*** AVAILABLE DATA ***
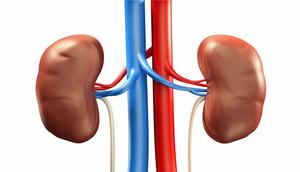 kidney disease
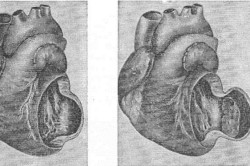 Степени развития аневризмы сердца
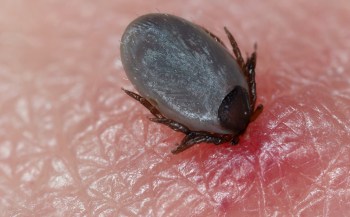 Anaplasmosis, a serious tick-borne illness, is rapidly spreading in parts of the U.S., with cases ballooning in Pennsylvania.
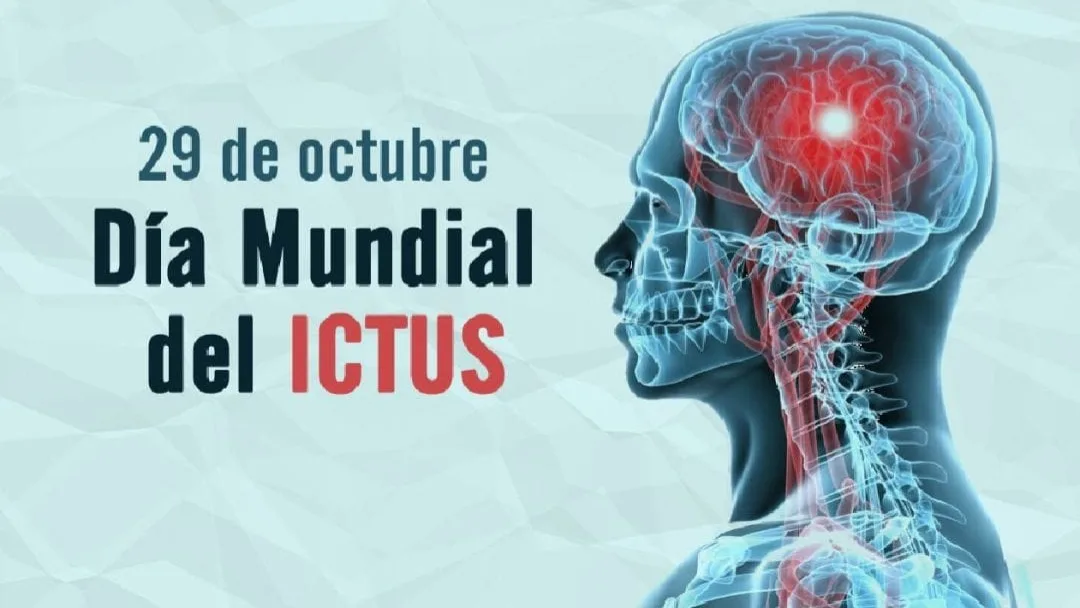 Día Mundial del Ictus: reconoce las señales de alerta, actuar a tiempo puede salvar vidas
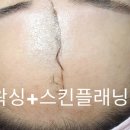 윤피부토탈관리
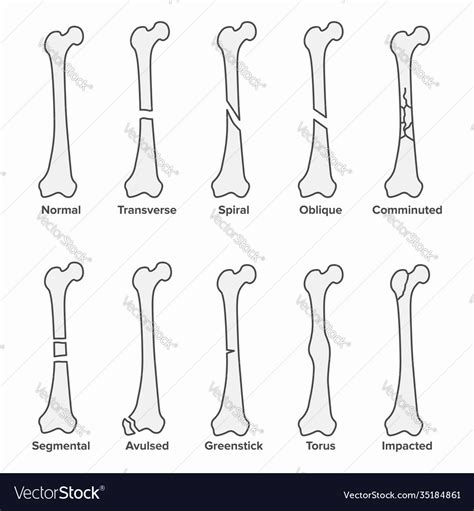 Types Of Bone Fractures Medical Educational Vector Stock Vector Image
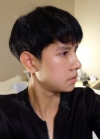 TYPES OF SURGERY: V-LINE, NOSE REVISION, NOSTRIL REDUCTION & FAT GRAFTING — Korea cost, reviews & before-after | MISOODA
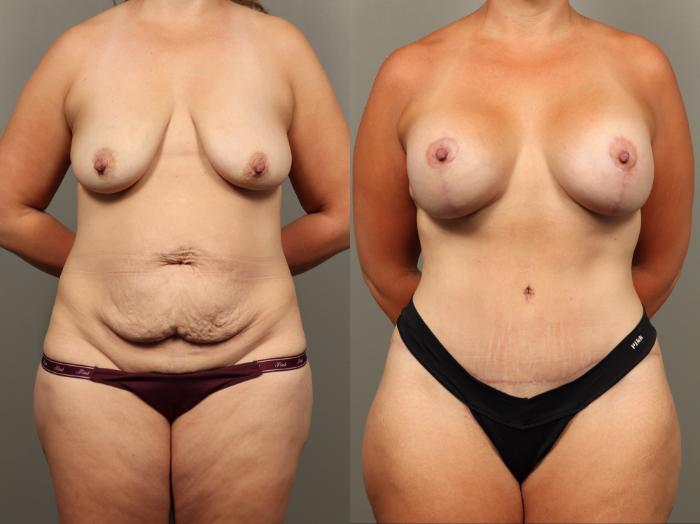 Before & After Mommy Makeover Case 496 Front View in Gilbert, AZ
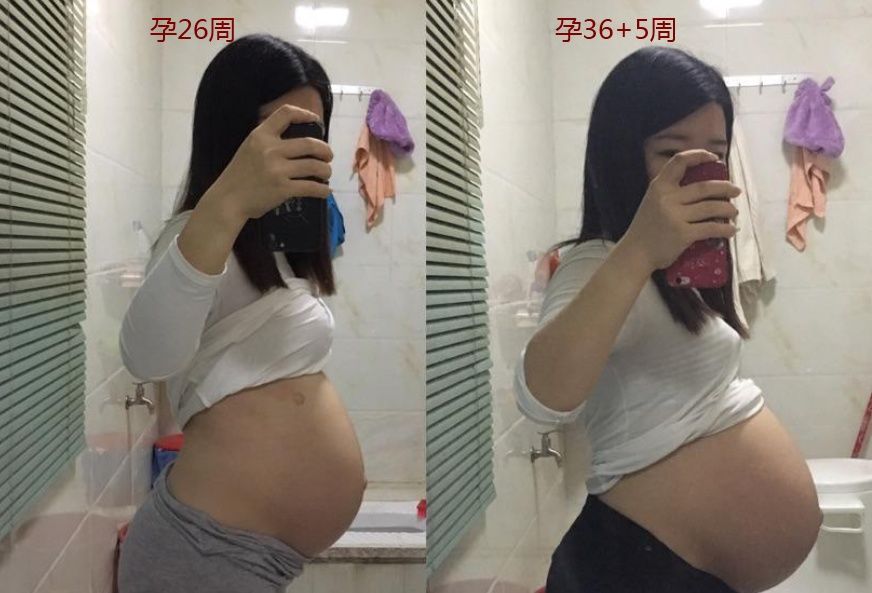 孕妇的“肚量”有多大一张图告诉你答案孕妇的内脏都被挤没了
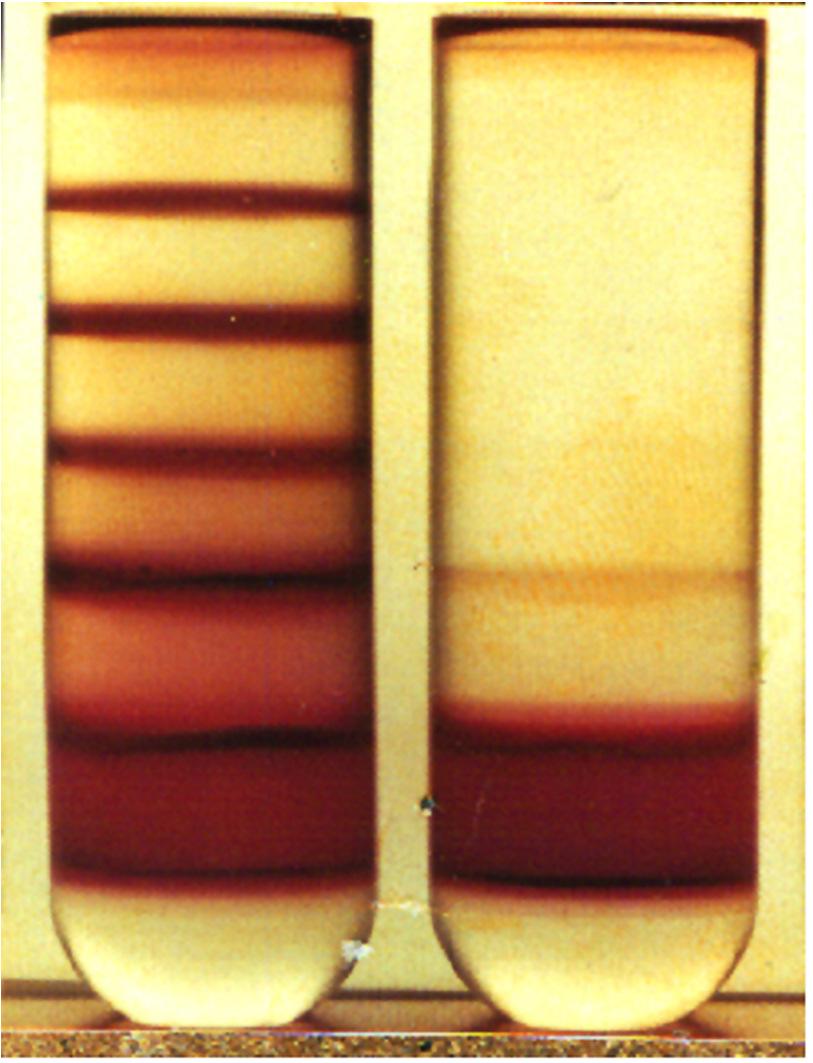 Példa: fertőzött vörösvértestek grádiens centrifugálása A bal oldalon fertőzött sejtek láthatók, amelyeket növekvő koncentrációjú percoll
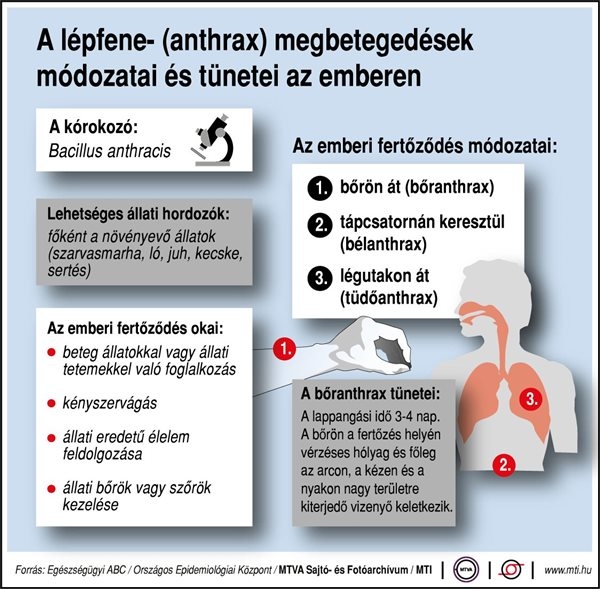 Lépfene - Hazaengedték a kórházból az egyetlen Heves megyei beteget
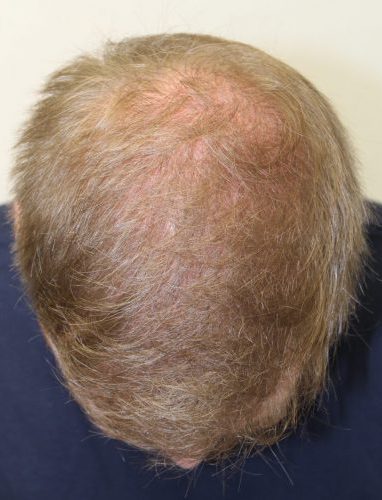 David's hair transplant result - after 2 procedures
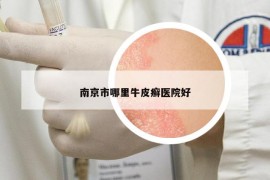 南京市哪里牛皮癬醫(yī)院好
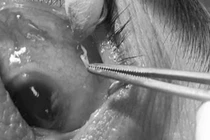 Mắt đỏ cộm, người phụ nữ 67 tuổi không ngờ ký sinh trùng trong mắt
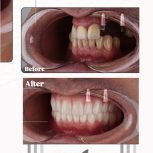 ایمپلنت بدون پیش پرداخت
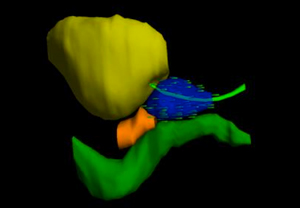 3D rendering of prostate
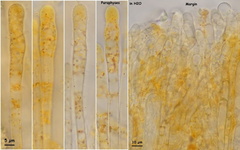 Ramsbottomia asperior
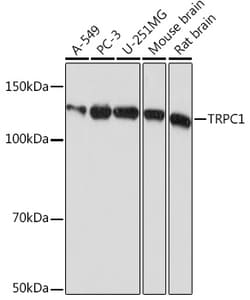 Invitrogen TRPC1 Recombinant Rabbit Monoclonal Antibody (1V3Q2) 100 &mu;L;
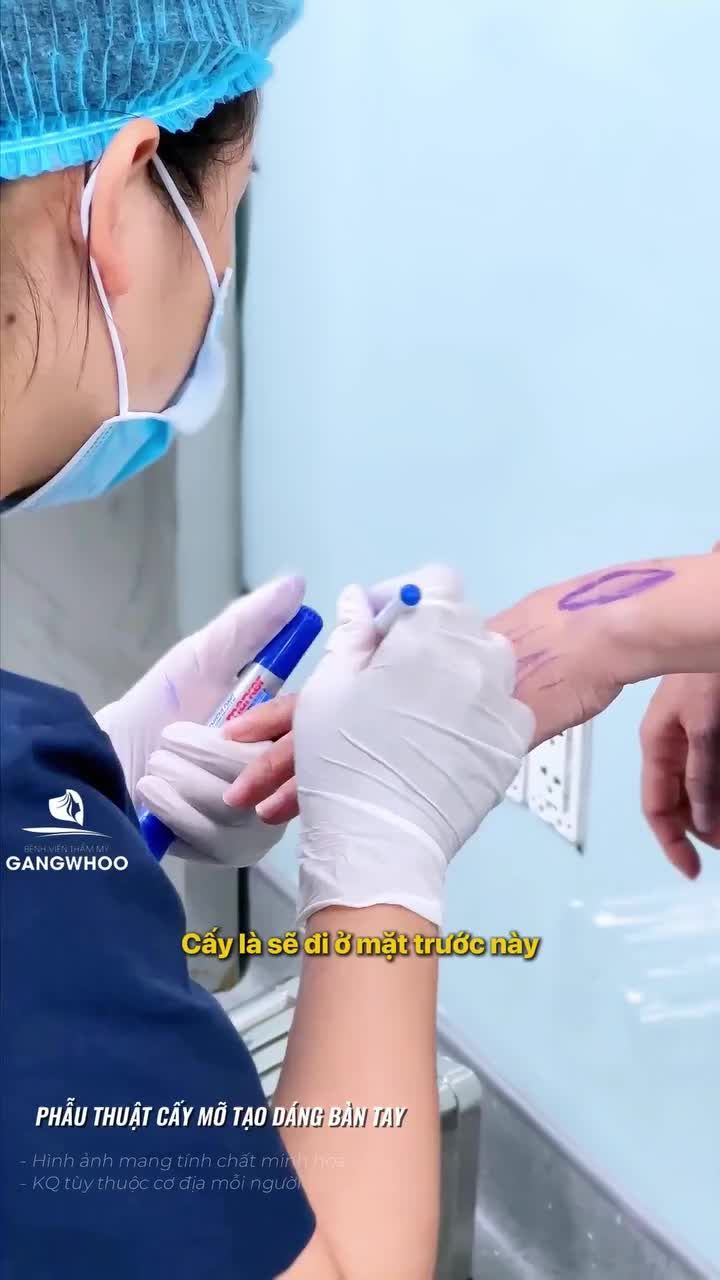Vì sao nên cấy mỡ bàn tay ở mặt trước?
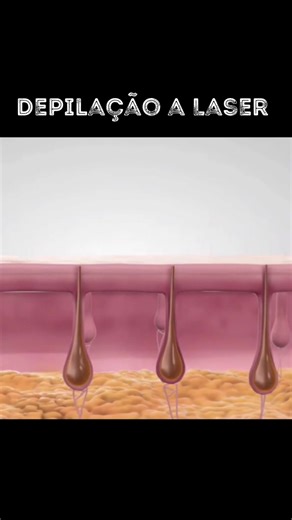 Como Funciona a Depilação a Laser: Guia Completo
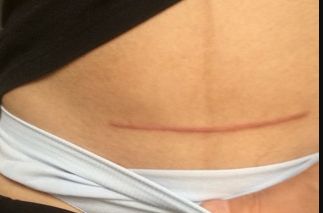 如何選擇新疆做胎記醫(yī)院，哪家好？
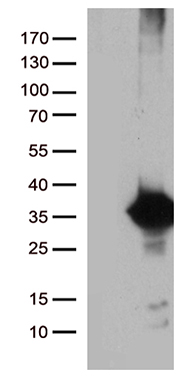 Her2 Antibody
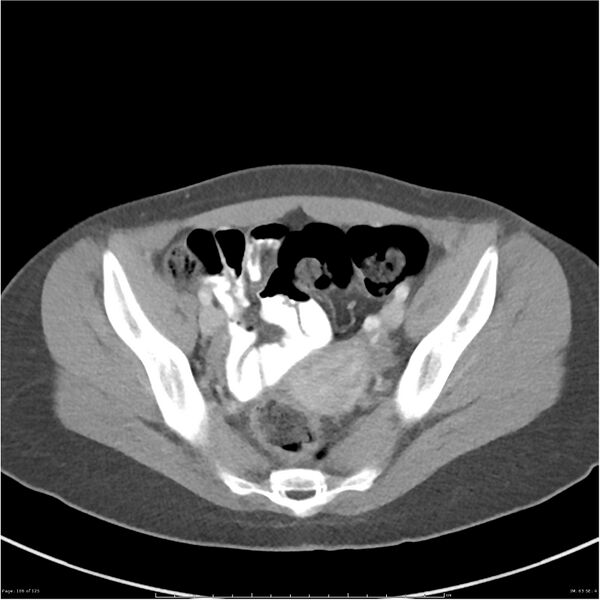 File:Bilateral ureteritis and cystitis (Radiopaedia 25340-25594 A 63).jpg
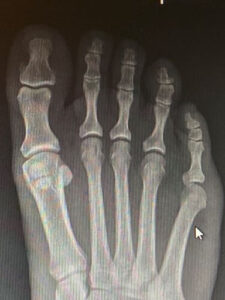An x-ray of a foot. 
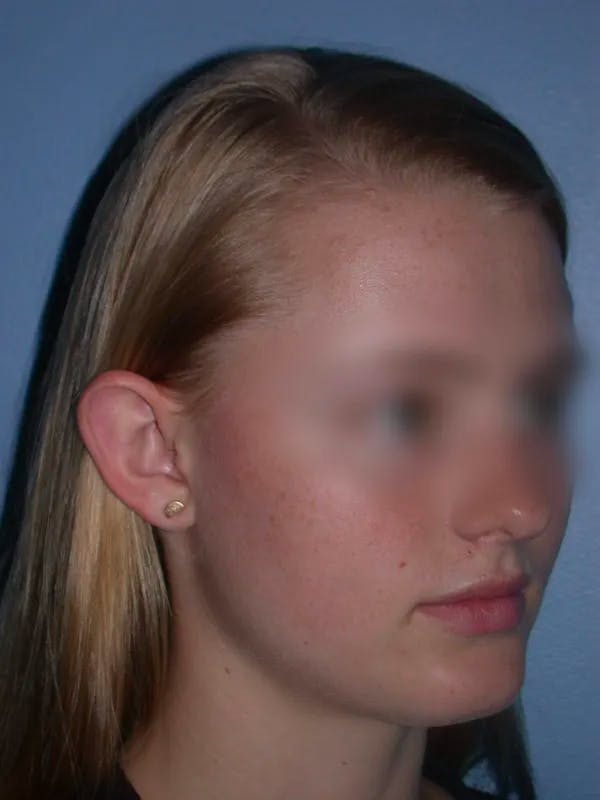 Ear Surgery Before & After Gallery - Patient 4756981 - Image 3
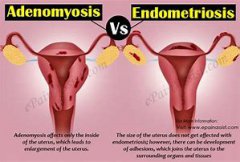 Differentiation Between Endometriosis and Adenomyosis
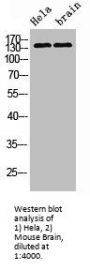 ERBB2 Monoclonal Antibody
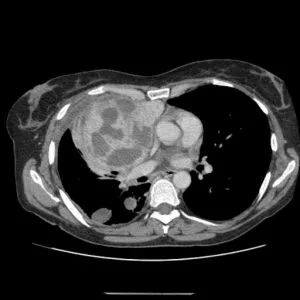 Sarcoma - milyen tüneteket, a betegség kép, okai, típusai, kezelése és prognózisa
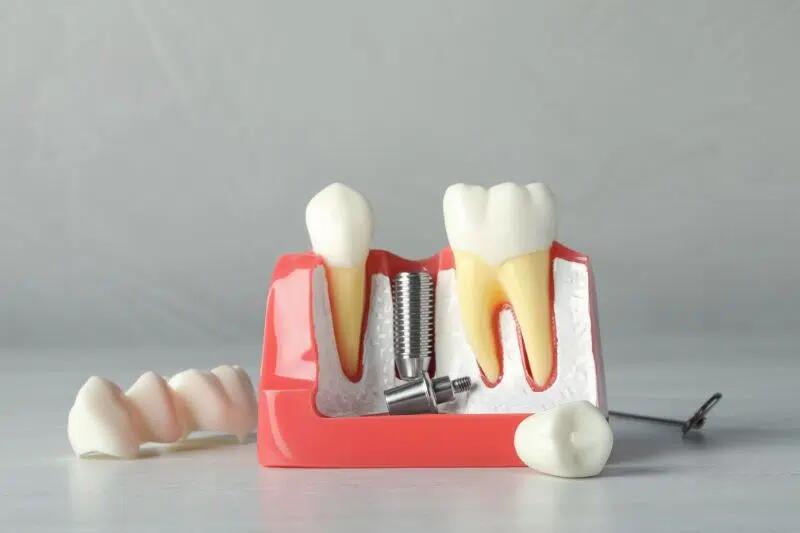 Số lượng trụ Implant cấy ghép cùng lúc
*** End of AVAILABLE DATA ***
◆ TASK TO COMPLETE
Starting at the top of the listing above, please restate word for word each line up to and including the one that holds "Types Of Bone", omitting every image.

◆ EXERCISE RESPONSE
 kidney disease
 Степени развития аневризмы сердца
 Anaplasmosis, a serious tick-borne illness, is rapidly spreading in parts of the U.S., with cases ballooning in Pennsylvania.
 Día Mundial del Ictus: reconoce las señales de alerta, actuar a tiempo puede salvar vidas
 윤피부토탈관리
 Types Of Bone Fractures Medical Educational Vector Stock Vector Image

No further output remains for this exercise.